Reproduce only the lines that run from the line containing "Tipsy Elves Christmas" to the end of the entries below, exactly as they stand.

§ Records to use
********************
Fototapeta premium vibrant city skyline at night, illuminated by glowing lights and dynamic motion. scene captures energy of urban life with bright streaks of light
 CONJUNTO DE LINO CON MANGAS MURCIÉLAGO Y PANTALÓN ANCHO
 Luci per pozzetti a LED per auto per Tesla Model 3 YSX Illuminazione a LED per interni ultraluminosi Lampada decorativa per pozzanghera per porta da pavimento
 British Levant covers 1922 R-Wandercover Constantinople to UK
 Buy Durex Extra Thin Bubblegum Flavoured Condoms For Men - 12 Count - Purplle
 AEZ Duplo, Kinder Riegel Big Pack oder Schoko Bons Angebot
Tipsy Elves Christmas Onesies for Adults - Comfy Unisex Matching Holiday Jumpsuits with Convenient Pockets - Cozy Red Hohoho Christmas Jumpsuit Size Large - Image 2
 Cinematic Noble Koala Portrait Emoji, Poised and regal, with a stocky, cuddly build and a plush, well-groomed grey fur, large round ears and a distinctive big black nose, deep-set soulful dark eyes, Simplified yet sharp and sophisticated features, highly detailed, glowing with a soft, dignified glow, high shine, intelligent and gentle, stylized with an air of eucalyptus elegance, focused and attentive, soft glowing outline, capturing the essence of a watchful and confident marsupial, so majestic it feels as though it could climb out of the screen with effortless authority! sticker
********************
§ Solution
Tipsy Elves Christmas Onesies for Adults - Comfy Unisex Matching Holiday Jumpsuits with Convenient Pockets - Cozy Red Hohoho Christmas Jumpsuit Size Large - Image 2
 Cinematic Noble Koala Portrait Emoji, Poised and regal, with a stocky, cuddly build and a plush, well-groomed grey fur, large round ears and a distinctive big black nose, deep-set soulful dark eyes, Simplified yet sharp and sophisticated features, highly detailed, glowing with a soft, dignified glow, high shine, intelligent and gentle, stylized with an air of eucalyptus elegance, focused and attentive, soft glowing outline, capturing the essence of a watchful and confident marsupial, so majestic it feels as though it could climb out of the screen with effortless authority! sticker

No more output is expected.